--- Data for analysis ---
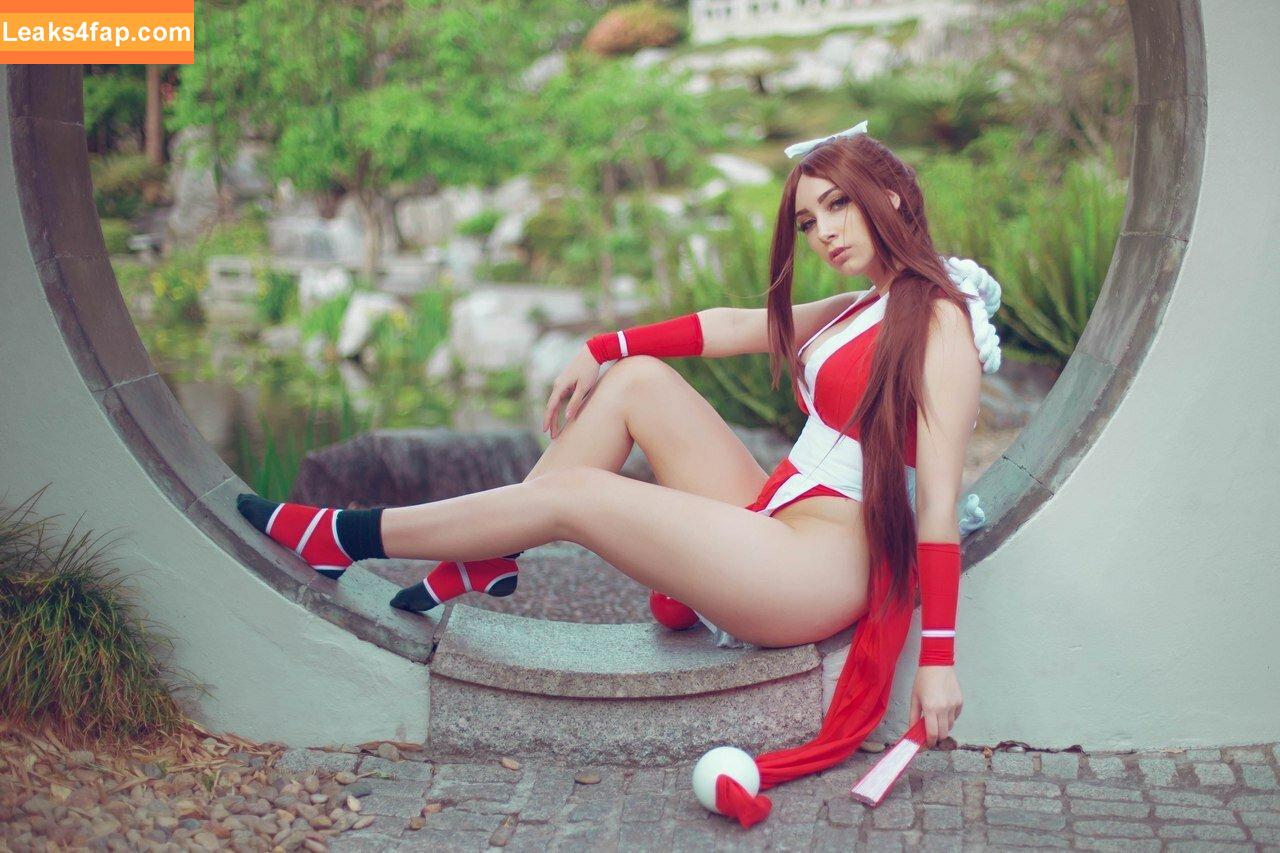 bekejacoba / Beke Jacoba / https: / itsbekejacoba leaked photo photo #0095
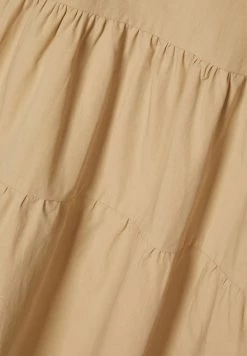 Name It Kinder Freizeitkleid - White Pepper 8 Name It Kinder Freizeitkleid - White Pepper -Name it Verkäufe 181fbfd93f934e51bd5c3c05be23ee6a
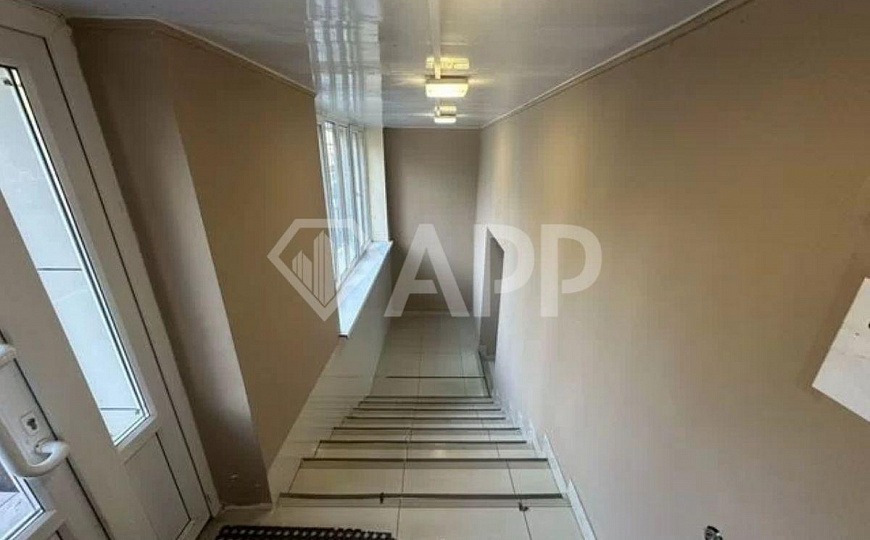 Продажа готового бизнеса, 107 м² фото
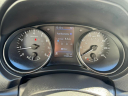 Thumbnail image of 2019 Nissan Rogue at Champion Auto Sales Broadway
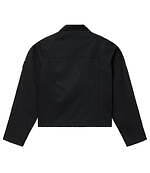 アー・ペー・セー(A.P.C.), バブアー(Barbour) スぺイ｜写真4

--- Task requirements ---
Please reproduce exactly, and nothing more, the lines from the one containing "Thumbnail image of" through the last line of the entries, both included; pictures stay out.

--- Solution for this task ---
 Thumbnail image of 2019 Nissan Rogue at Champion Auto Sales Broadway
 アー・ペー・セー(A.P.C.), バブアー(Barbour) スぺイ｜写真4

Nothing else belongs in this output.